— Да, но системы-то не было. И опричнина местами бывала эффективна, но как бессистемно, как нелепо все делалось!… Знаешь, когда я думаю о величии системы, мне иногда хочется пасть на колени… Система, устоявшая и усилившаяся даже под властью антихриста; система, пред которой не только личность, но даже экономический уклад и общественный строй — ничто!

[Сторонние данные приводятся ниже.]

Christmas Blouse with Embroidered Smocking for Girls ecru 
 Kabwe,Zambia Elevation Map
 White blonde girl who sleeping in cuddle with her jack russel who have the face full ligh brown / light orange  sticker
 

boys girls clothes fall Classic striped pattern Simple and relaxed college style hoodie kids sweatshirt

Первый оборвал эти излияния:
— Ты мне зубы-то не заговаривай. Если в течение недели твои паршивцы не возьмут рукопись — я с тебя живого шкуру спущу. На Систему надейся, а сам не плошай — так-то, друг ты мой дорогой…
XIII. 1844
Прохладным и ясным сентябрьским днем на пароходе «Геркулес», что шел из Штеттина в Петербург, умирал тяжелобольной пассажир. Он давно был болен и ездил на воды лечиться; воды не помогли ему, он заживо казался мертвецом. Целительные источники могут излечивать некоторые болезни, но не могут возобновить жизненную силу там, где она безвозвратно потеряна. Поняв, что умирает, больной пожелал возвратиться немедленно в Россию, и за ним был послан «Геркулес». Больной заслуживал персонального парохода. Звали больного Александр Христофорович Бенкендорф. Он был начальником тайной полиции Империи и Императорской Главной квартиры, по званию сему он был неразлучен с царским лицом и сопровождал везде и всюду Государя; он был лицом, через которое все прибегали к Высочайшему престолу.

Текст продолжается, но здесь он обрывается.